Et donc, pour nous qui pratiquons un Art japonais, non pas je fais du shiatsu, mais le shiatsu s’accomplit, comme quelque chose de naturel. Grâce, bien entendu, au savoir-faire de l'artisan.



Ces quelques aperçus de ce que nous pouvons travailler ne sont pas présentés de façon très ordonnée, ils représentent quelques exemples de ce qu’on peut pratiquer en séance et de la façon d’apprendre. Ces attitudes nous replongent dans le Japon ancien, sans pour autant être un spécialiste du Japon.

La formule


Et après la forme, seulement, vient la formule (qui est une petite forme, diminutif latin), càd qu’on peut évidemment partir à la recherche d’éléments de savoir, culturels, théoriques, historiques, voire même savants. Dans l’ordre : la forme, puis la formule. ‘ Grâce aux pratiques du corps, accepter le savant et le spéculatif’.

Et donc, oui, allons voir le Japon, allons ressentir là-bas, étudions les arts martiaux, lisons les documents anciens, pratiquons la méditation, une spiritualité japonaise, exerçons-nous à la calligraphie de kanji, étudions différents styles de shiatsu, cuisinons Japonais, que sais-je ?... et voyons comment tout cela peut enrichir notre pratique. 

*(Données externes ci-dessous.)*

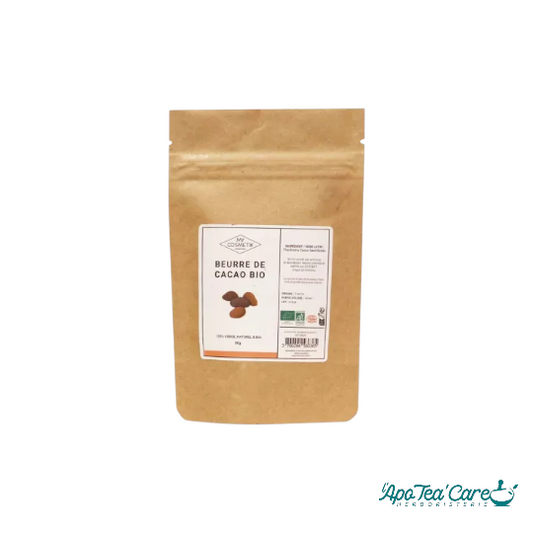 Beurre de Cacao BIO (AB) - Volume : 30g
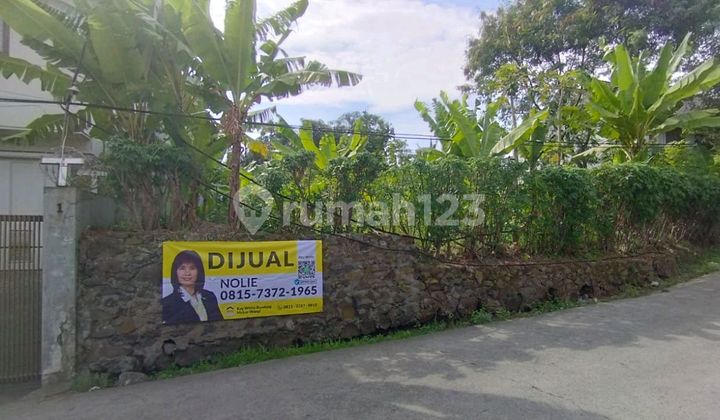 Jual Tanah di Setrawangi di Mainroad Jual Tanah di Setrawangi di Mainroad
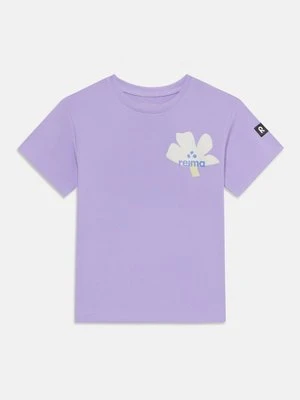 T-shirt z nadrukiem Reima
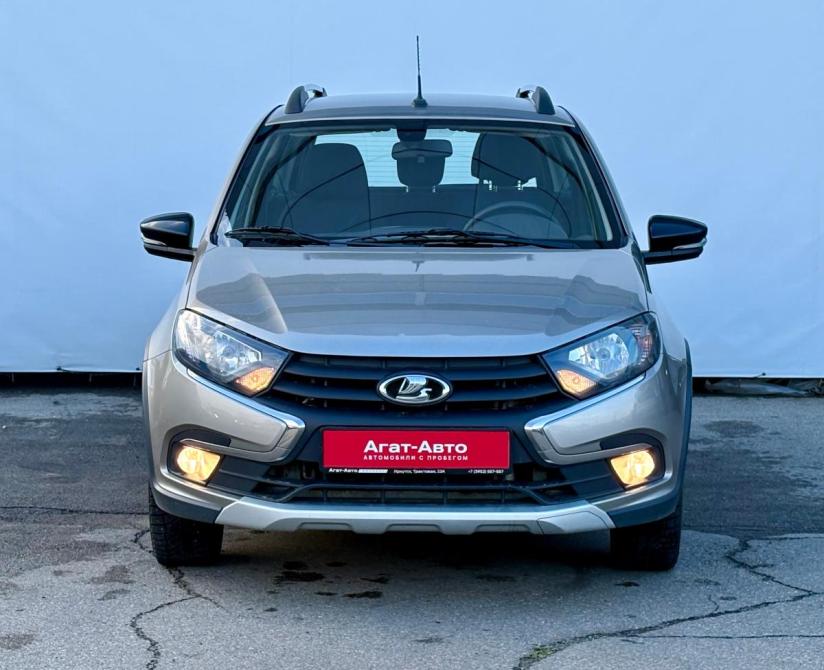 Lada (ВАЗ) Granta I Рестайлинг Иркутск  - изображение 4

Chacun, en fonction de ses affinités, aimera nourrir sa pratique d’éléments extérieurs, créer des ponts, faire des analogies (pensée orientale oblige).  

Soyons curieux, dépassons les lieux communs pour développer les champs de l’expertise. Et partageons nos trouvailles.

Sans oublier que nos premiers enseignants sont nos receveurs, dans la pratique, au quotidien.

Pratiquer, pratiquer et pratiquer


Nous n’arriverons pas à faire progresser l’intérêt pour le shiatsu en inventant une vérité  ou revendiquant une légitimité. Le travail sur nous-mêmes est la première chose à faire quotidiennement et la Voie est bien celle du corps.  A partir de là, nous pourrons redécouvrir une authenticité proche de l’esprit japonais, et remettre ainsi le temple au sommet du village.

Entre Ciel et Terre. Pour que l’on puisse entendre le chant du shiatsu sur les flux stochastiques de notre monde troublé.

Je citerai pour terminer la conclusion d’un collègue suisse, Peter Itin, après qu’il ait tenté de démêler les origines du shiatsu : ‘les noms ne m’intéressent plus, mais bien l’histoire (history) du Shiatsu, une histoire (story) entre technologie et temple, dans le champ relationnel science/modernité et spiritualité/tradition’.